Little as was the space occupied by Cosette, it seemed to her as though it were taken from her own, and that that little child diminished the air which her daughters breathed. This woman, like many women of her sort, had a load of caresses and a burden of blows and injuries to dispense each day. If she had not had Cosette, it is certain that her daughters, idolized as they were, would have received the whole of it; but the stranger did them the service to divert the blows to herself. Her daughters received nothing but caresses.
Cosette could not make a motion which did not draw down upon her head a heavy shower of violent blows and unmerited chastisement.
The sweet, feeble being, who should not have understood anything of this world or of God, incessantly punished, scolded, ill-used, beaten, and seeing beside her two little creatures like herself, who lived in a ray of dawn!
Madame Thenardier was vicious with Cosette.
Eponine and Azelma were vicious.
Children at that age are only copies of their mother.

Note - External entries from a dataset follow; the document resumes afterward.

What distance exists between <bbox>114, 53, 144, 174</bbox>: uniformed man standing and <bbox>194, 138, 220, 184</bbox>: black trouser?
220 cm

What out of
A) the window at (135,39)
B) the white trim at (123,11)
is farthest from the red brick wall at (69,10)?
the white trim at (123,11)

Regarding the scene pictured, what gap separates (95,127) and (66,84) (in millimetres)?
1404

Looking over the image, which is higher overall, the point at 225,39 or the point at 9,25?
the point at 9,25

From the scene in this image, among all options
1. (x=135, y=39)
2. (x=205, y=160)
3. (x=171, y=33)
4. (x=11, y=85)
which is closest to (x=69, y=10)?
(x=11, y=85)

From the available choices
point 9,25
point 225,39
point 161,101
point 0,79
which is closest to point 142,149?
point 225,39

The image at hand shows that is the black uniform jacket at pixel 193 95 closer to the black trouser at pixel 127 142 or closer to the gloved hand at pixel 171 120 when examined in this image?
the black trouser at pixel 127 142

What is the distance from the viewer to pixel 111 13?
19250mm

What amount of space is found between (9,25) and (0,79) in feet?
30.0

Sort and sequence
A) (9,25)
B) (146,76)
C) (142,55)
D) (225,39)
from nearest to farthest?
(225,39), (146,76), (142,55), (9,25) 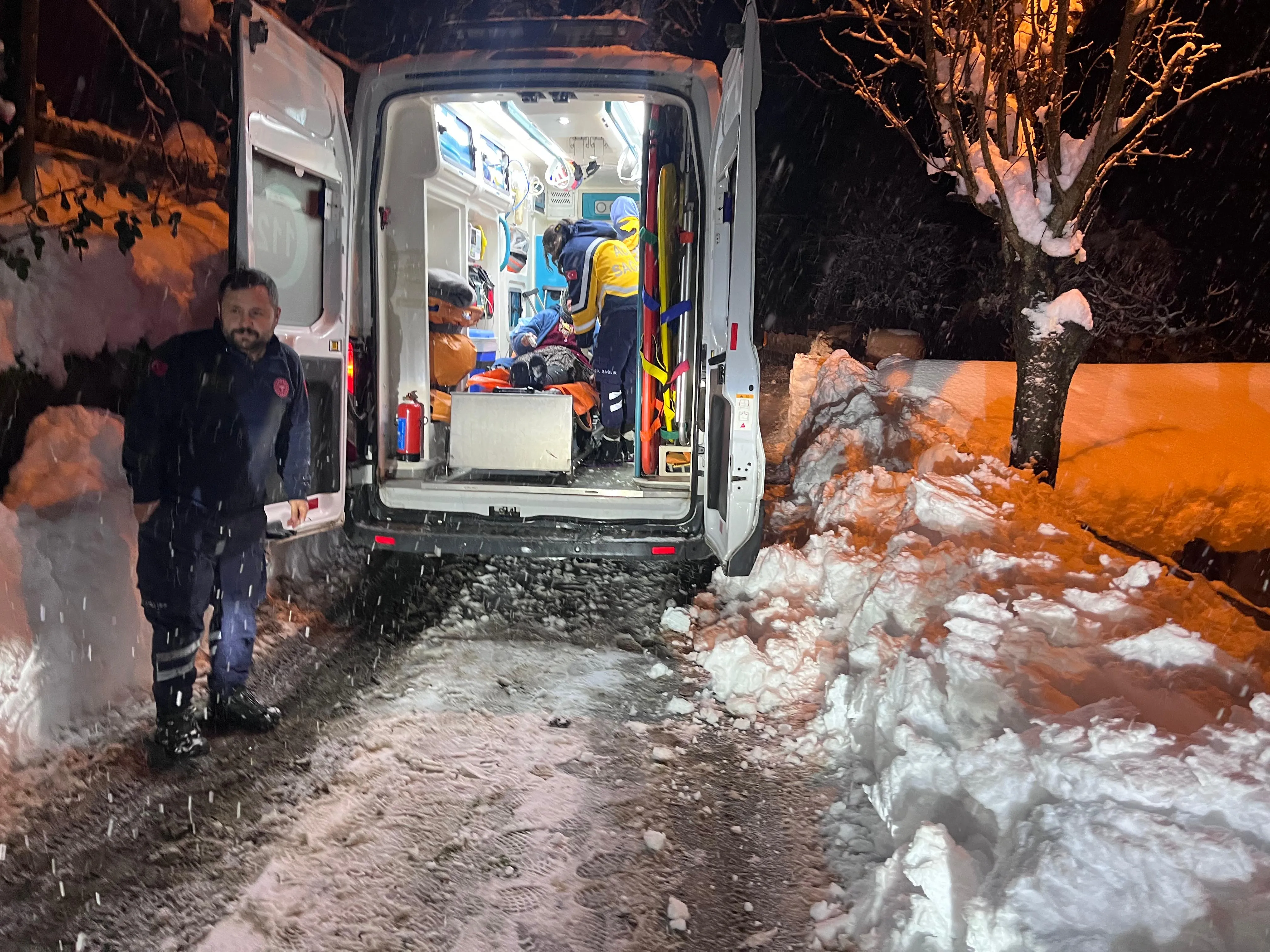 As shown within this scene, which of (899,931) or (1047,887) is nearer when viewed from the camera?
(1047,887)

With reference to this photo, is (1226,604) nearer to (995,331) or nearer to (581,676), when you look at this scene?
(581,676)

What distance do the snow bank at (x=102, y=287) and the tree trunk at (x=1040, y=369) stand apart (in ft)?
19.6

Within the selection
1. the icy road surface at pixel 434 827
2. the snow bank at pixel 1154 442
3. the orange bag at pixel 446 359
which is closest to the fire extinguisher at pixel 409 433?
the orange bag at pixel 446 359

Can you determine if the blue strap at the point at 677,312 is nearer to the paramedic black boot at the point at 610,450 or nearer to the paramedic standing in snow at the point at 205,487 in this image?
the paramedic black boot at the point at 610,450

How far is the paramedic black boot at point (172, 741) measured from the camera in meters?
3.04

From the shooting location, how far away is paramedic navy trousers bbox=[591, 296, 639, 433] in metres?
5.78

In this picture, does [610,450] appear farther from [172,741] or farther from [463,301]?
[172,741]

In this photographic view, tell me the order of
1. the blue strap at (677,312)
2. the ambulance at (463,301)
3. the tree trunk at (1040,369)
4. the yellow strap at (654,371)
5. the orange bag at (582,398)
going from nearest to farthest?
the ambulance at (463,301)
the blue strap at (677,312)
the yellow strap at (654,371)
the orange bag at (582,398)
the tree trunk at (1040,369)

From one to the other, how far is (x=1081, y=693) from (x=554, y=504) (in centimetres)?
267

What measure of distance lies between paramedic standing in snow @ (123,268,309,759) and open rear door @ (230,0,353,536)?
11.7 inches

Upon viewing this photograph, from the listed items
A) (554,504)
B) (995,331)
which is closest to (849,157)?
(995,331)

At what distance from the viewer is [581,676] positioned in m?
3.92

The size is smaller; that is all.
A year passed; then another.
People in the village said:--
"Those Thenardiers are good people.
They are not rich, and yet they are bringing up a poor child who was abandoned on their hands!"
They thought that Cosette's mother had forgotten her.
In the meanwhile, Thenardier, having learned, it is impossible to say by what obscure means, that the child was probably a bastard, and that the mother could not acknowledge it, exacted fifteen francs a month, saying that "the creature" was growing and "eating," and threatening to send her away.
"Let her not bother me," he exclaimed, "or I'll fire her brat right into the middle of her secrets. I must have an increase."
The mother paid the fifteen francs.
From year to year the child grew, and so did her wretchedness.
As long as Cosette was little, she was the scape-goat of the two other children; as soon as she began to develop a little, that is to say, before she was even five years old, she became the servant of the household.
Five years old! the reader will say; that is not probable. Alas! it is true.
Social suffering begins at all ages. Have we not recently seen the trial of a man named Dumollard, an orphan turned bandit, who, from the age of five, as the official documents state, being alone in the world, "worked for his living and stole"?